Meanwhile, funds were cut off from the well publicized debacle of It's All True and Welles was forced to return to the United States a wounded, severely bloodied artist with a permanently soiled reputation in the industry. It was the end of the beginning, and the beginning of the end for Welles as a director.
Like Erich von Stroheim before him, his excesses, lack of focus and vanity seemed to preclude accountability for his behavior, thereby condemning his brief, erratic dominance of the film community to ultimate failure and rejection. What little of the film remains is but a pale shadow of the vision that might have been. Performances, though abbreviated, are uniformly excellent. The musical score by Bernard Herrmann (band leader Ramon Raquello for the celebrated War of the Worlds broadcast four years earlier) once again demonstrated his unique gifts for composition, but the butchered version of the film we've come to know is merely a phantom, a ghost of a would be masterpiece haunting the corridors of our imaginations.
Subsequently, the treasured forty four minutes of Ambersons central nervous system were "lost," never to surface again...a mystical plateau in Shangri La...the Holy Grail for film historians and preservationists.
Welles and Joseph Cotten had written a screenplay together for Journey Into Fear, based upon the novel by Eric Ambler. Norman Foster directed the picture for RKO, and Cotten took the lead role. The studio, characteristically, was unhappy with Foster's handling of the film and asked Welles to step in at the last minute to re-cut the picture. He did so willingly, if only to be allowed an opportunity to walk back through the doors.
The picture, a story of foreign intrigue, was muddled but had the look of a Welles production. Welles, himself, took a minor role in heavy makeup as Colonel Haki, and directed an additional scene with Cotten. Released in 1943, Journey Into Fear had little success at the box office. Norman Foster would go on to direct films and television shows for Walt Disney, most notably the Zorro television series in 1957 on ABC.
Jane Eyre - 1944
Twentieth Century Fox had purchased the rights to produce an adaptation of Charlotte Bronte's novel, Jane Eyre, from David O. Selznick and decided to cast Orson Welles as Edward Rochester, opposite Joan Fontaine as Jane. Released in 1943, the picture remains the most memorable of screen interpretations.
Directed by Robert Stevenson, and featuring a lush, sultry score by Bernard Herrmann, the picture enticed audiences with the lure of Orson Welles in his single leading romantic role.
As the tragic Rochester, Welles delivers a searing portrayal of man robbed of his soul. He is a lonely, empty shell of a man, clinging to tattered particles of honor and nobility. Cast frequently in shadow, his dark, proud eyes and shattering voice proudly concealed a phantom, lost in deep emotional pain.
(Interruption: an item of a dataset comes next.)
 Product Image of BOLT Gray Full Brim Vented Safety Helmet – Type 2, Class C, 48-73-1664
Anguished and alone, his lyrical torment ravished by Herrmann's operatic cloak, Welles is the perfect embodiment of Bronte's tortured hero.
Meanwhile, in Hollywood, RKO was taking dramatic steps to repair its image among exhibitors and audiences by publicly divesting itself of anything Wellesian. A new logo began appearing on posters for upcoming releases, and in newspaper and magazine ads promoting their product. It read, simply, "Showmanship Instead of Genius." It was intended to refute the notion that the studio was an effete, intellectual company offering a product too good for the masses, and was an unashamed slap in the face of Orson Welles. Parent had once again abandoned child, while Welles openly referred to himself as "America's youngest has been."
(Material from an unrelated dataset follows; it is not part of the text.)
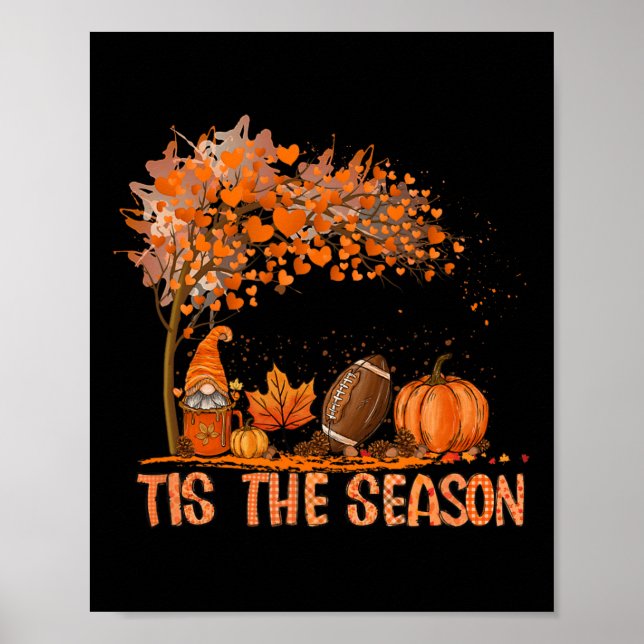 Das ist die Saison Fußball Herbst Kürbissaison Poster (Vorne)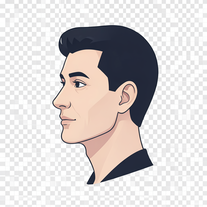 Vision Reflected – Futuristic Profile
Welles had been dating Lena Horne in the early forties, and seemed quite taken by her beauty and maturity. However, it was America's pin-up girl...the girl that every American G.I. wanted to take home to mom...who captured his imagination. Rita Hayworth was, arguably, the most beautiful woman in the movies when Welles was introduced to her. He was taken with her nearly child like vulnerability.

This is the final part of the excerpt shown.